> [Material for this task]:

[Start of Attachment]

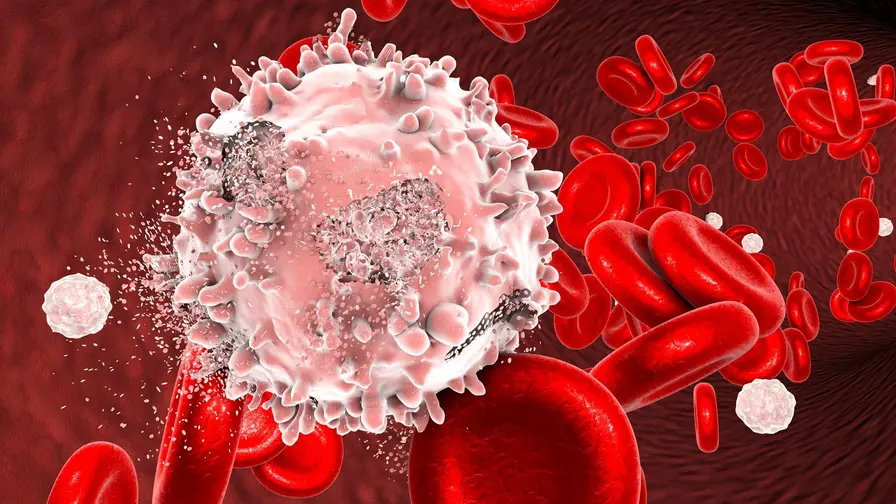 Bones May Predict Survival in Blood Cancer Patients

[End of Attachment]
[Start of Attachment]

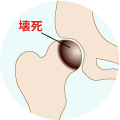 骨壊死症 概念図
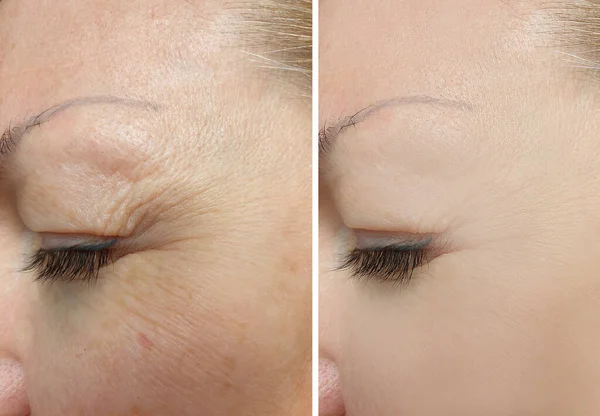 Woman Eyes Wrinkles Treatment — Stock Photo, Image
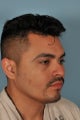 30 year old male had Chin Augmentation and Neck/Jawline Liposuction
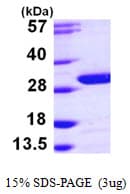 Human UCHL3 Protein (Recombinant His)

[End of Attachment]

What's needed is an exact copy of the lines above from the one with "30 year old" through the one with "Human UCHL3 Protein (Recombinant His)", both included; the pictures stay out.

 30 year old male had Chin Augmentation and Neck/Jawline Liposuction
 Human UCHL3 Protein (Recombinant His)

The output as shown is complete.